El dragón de la memoria


           No sé si han caído ustedes en la cuenta de que dentro de unas semanas será Sant Jordi… Y no sólo eso, sino además el Día Internacional del Libro, que fue proclamado por la UNESCO en coincidencia con la fecha de fallecimiento tanto de Cervantes como de William Shakespeare, dos de los mejores autores de la Literatura Universal, que tuvieron la humorada de morirse el mismo año (1616) y con pocas horas de diferencia. Según parece, el 23 de abril es un día maldito para los amantes de la escritura -¡toco madera!- pues, aunque años más tarde, también Wordsworth (1850) y Josep Pla (1981) lo escogieron para estirar la pata. Curiosa coincidencia, ¿no creen?

            En todo el mundo se celebra el Día Internacional del Libro, sí, pero sólo en Cataluña y su área de influencia dicha celebración tiene además connotaciones amorosas: ya saben, los chicos regalan una rosa a la chica que les gusta y, en caso de que ella les corresponda, lo hace obsequiándoles con un libro… Ni que decir tiene que, por más que me gusten las rosas silvestres -no las sintéticas, perfumadas con ambientador, que se venden últimamente-, el reparto me parece injusto: no sólo porque los libros son bastante más caros que las rosas, sino sobre todo porque éstos son capaces de proporcionar un placer mucho más profundo y duradero que una efímera flor, por más que dijera el principito de Saint-Exupéry.

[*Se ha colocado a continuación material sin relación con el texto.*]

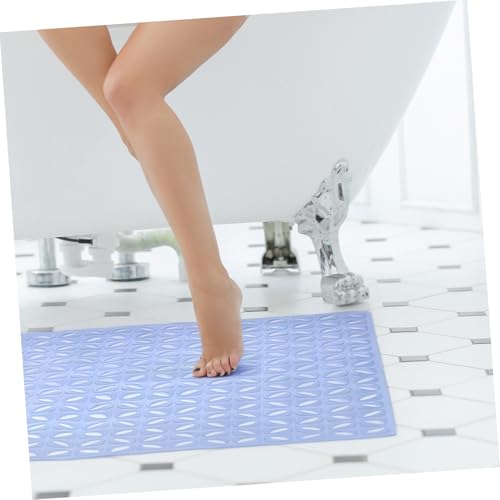 Alfombrilla de ducha flexible TOPBATHY antideslizante gris para baño de diseño rectangular 7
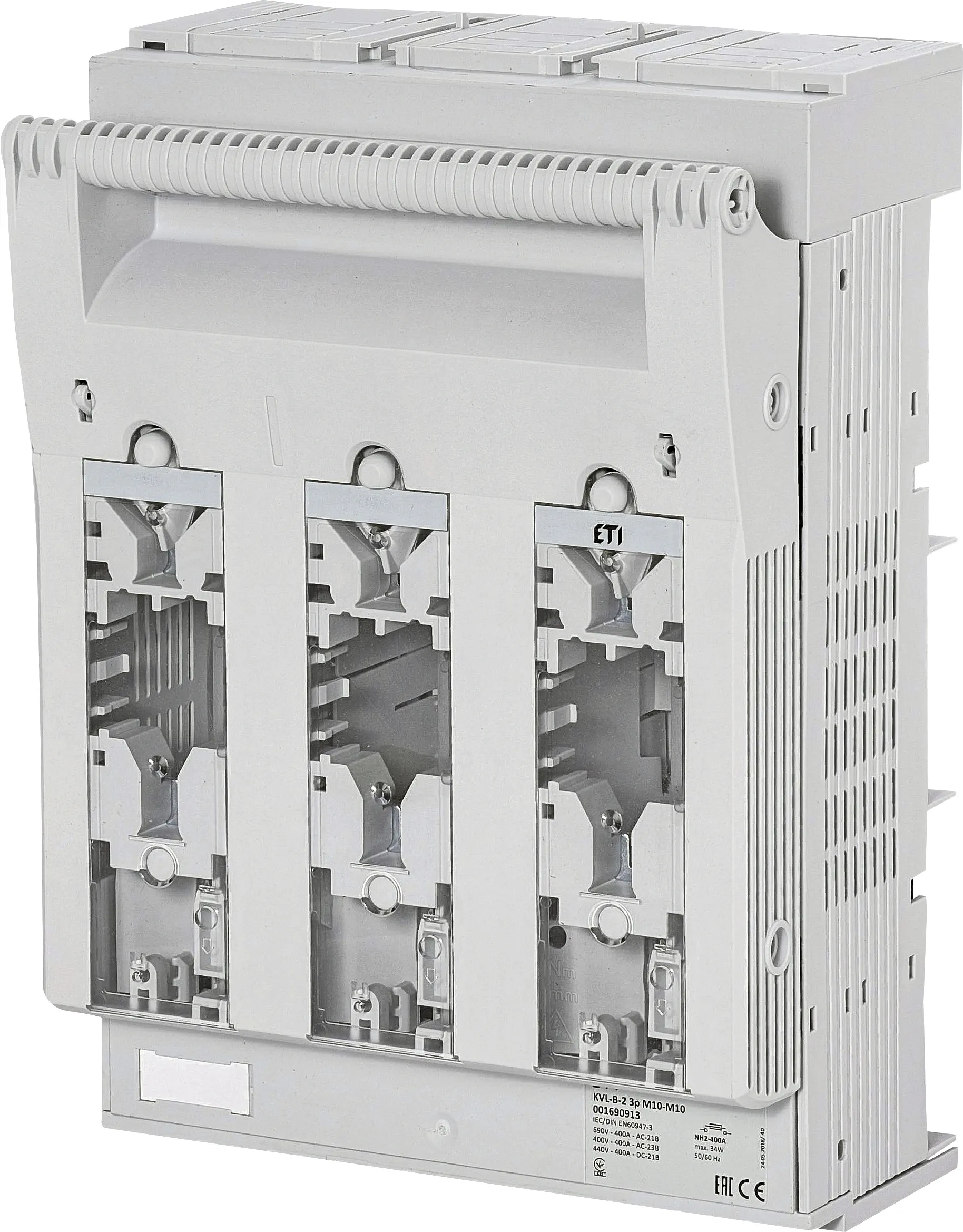 Fuse switch disconnector KVL-B-2 3p M10-M10 001690913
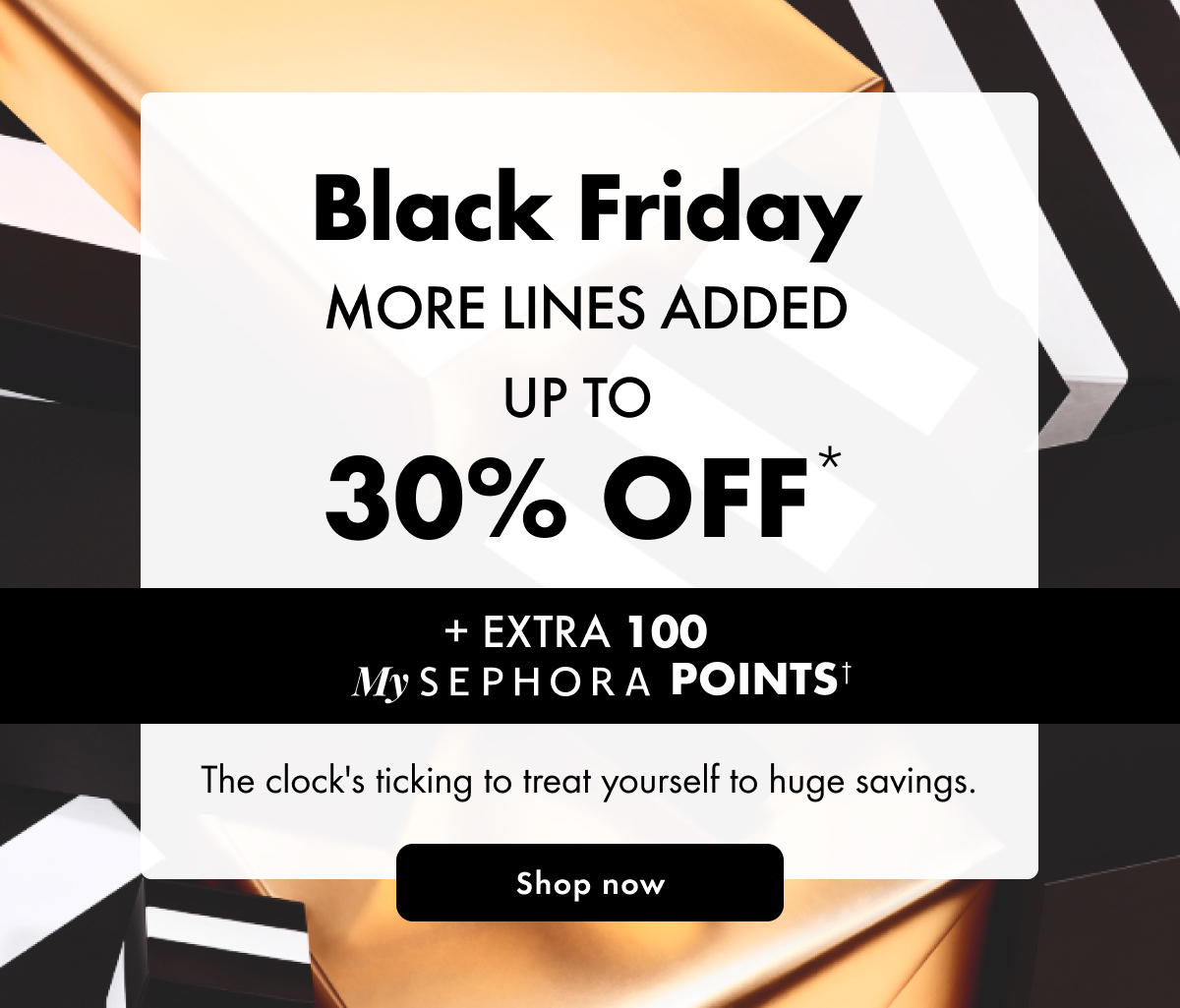Black Friday | Up to 30% off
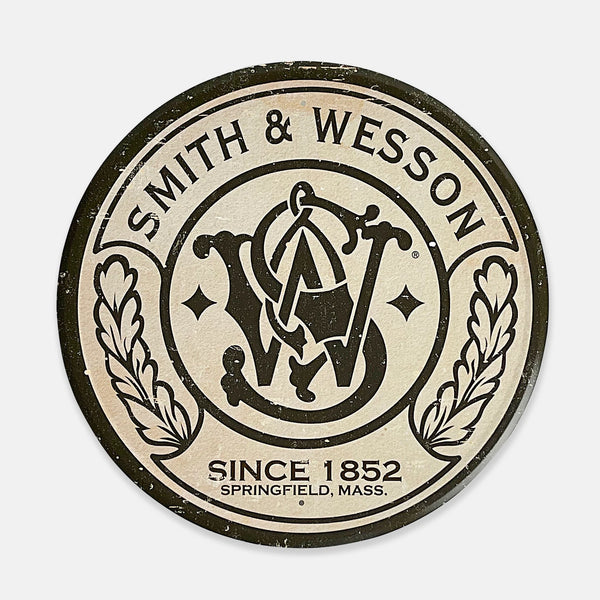 Smith & Wesson 'Since 1852' - Tin Metal Sign For the Man Cave Sign Box Co.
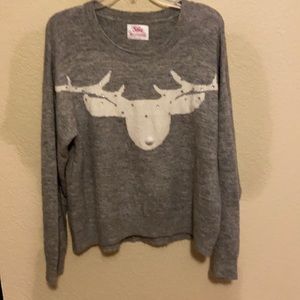 Justice Reindeer Sweater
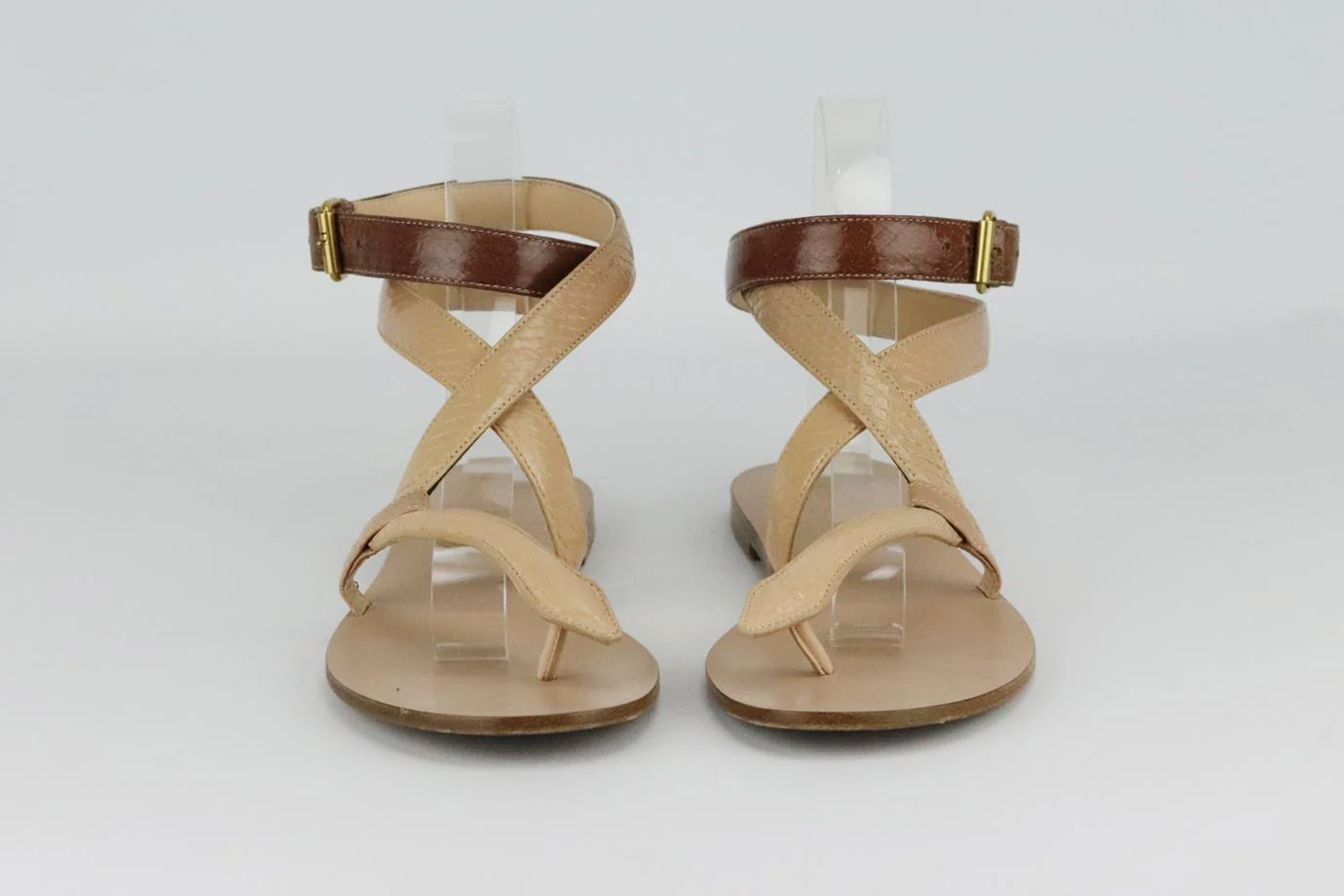 CHRISTIAN DIOR POISON-D SNAKE EFFECT LEATHER SANDALS EU 38 UK 5 US 8 - Image 3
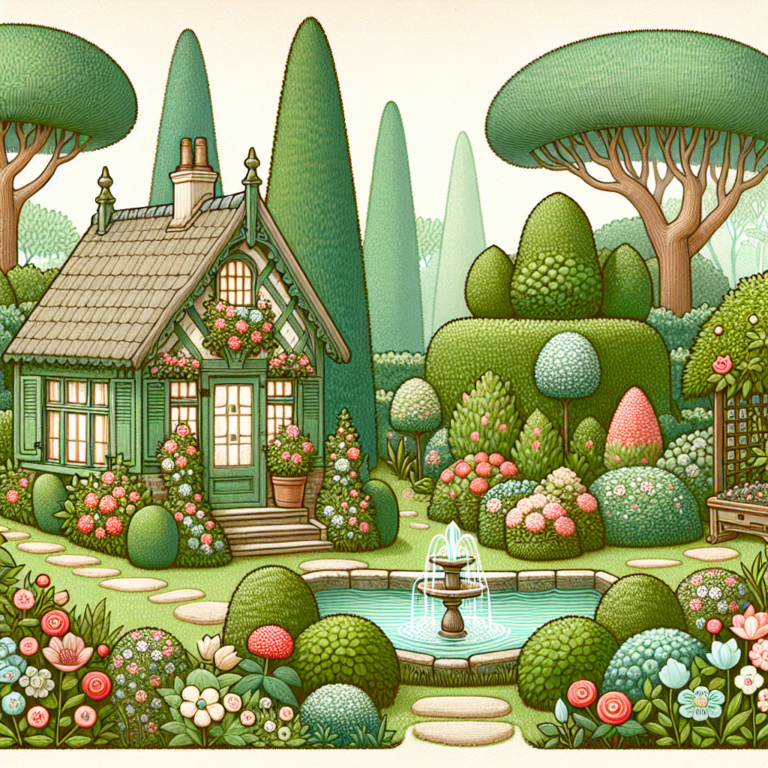 Summer house surrounded by professionally designed landscaping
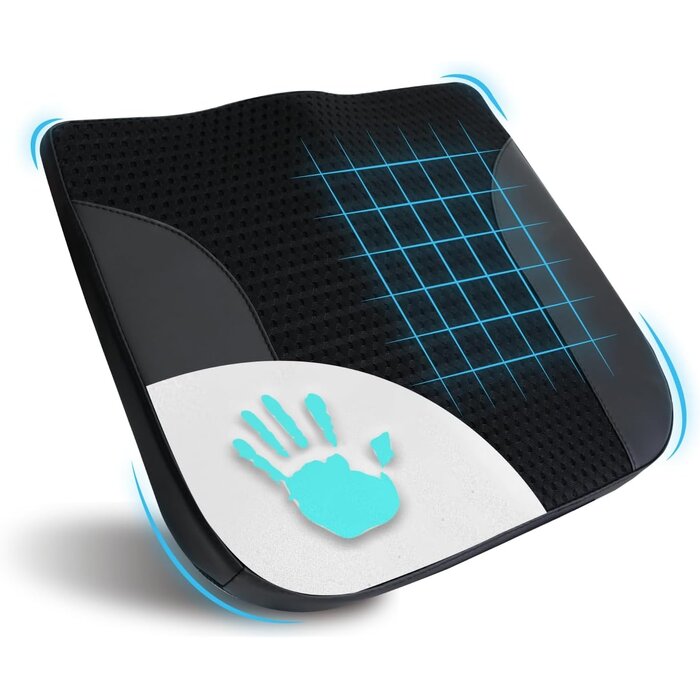 Ergonomisches Memory-Schaum Sitzkissen - Schwarz - Jetzt bis zu 61% sparen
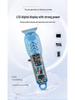 New Model USB Electric Hair Clipper with LCD Display - Professional Transparent Clipper for Barber Shops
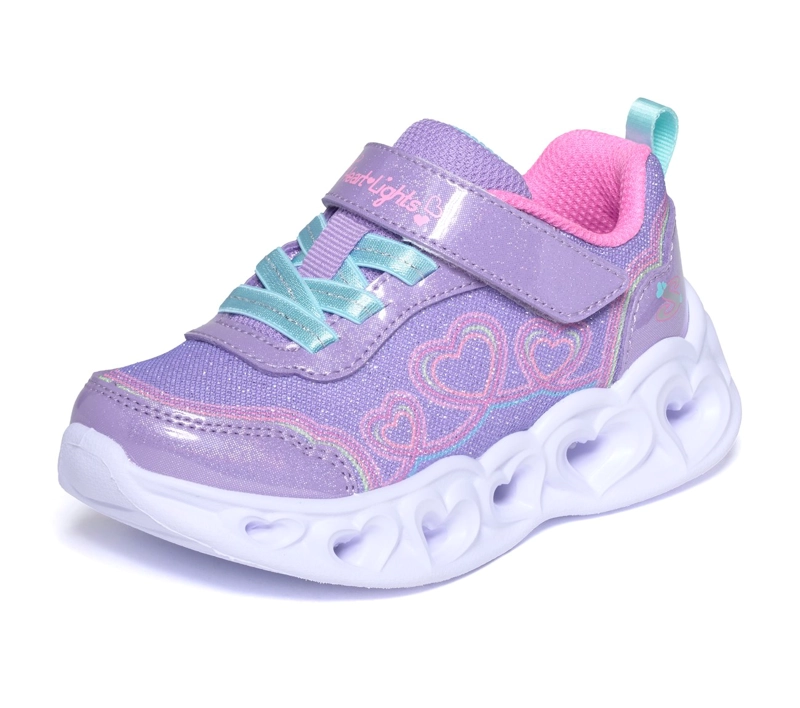 ZAPATILLAS NIÑA SKECHERS HEART LIGHTS BUBBLE LOVE - 5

            El factor sentimental añadido, que yo desconocía, me sorprendió muchísimo durante mi primer Sant Jordi en Barcelona. Ya unos días antes, todas mis compañeras de 5º de EGB –sí, yo también fui a EGB, ¿qué pasa?- andaban revolucionadas, haciendo cábalas sobre si alguno de los niñatos inmaduros, apestosos y granujientos que solían deshacernos la coleta durante el resto del curso se convertiría en un apuesto caballero por obra y gracia de Sant Jordi, y les regalaría la típica rosa quatribarrada acompañada de una espiga seca. Sobre la conveniencia de dar alas a un pretendiente inoportuno ni siquiera se discutía: la etiqueta amorosa del colegio imponía corresponder siempre con alguna novelita de El Barco de Vapor o de la serie “Elige tu propia aventura”, que eran las que más molaban por aquel entonces, por poco que te gustara el interfecto.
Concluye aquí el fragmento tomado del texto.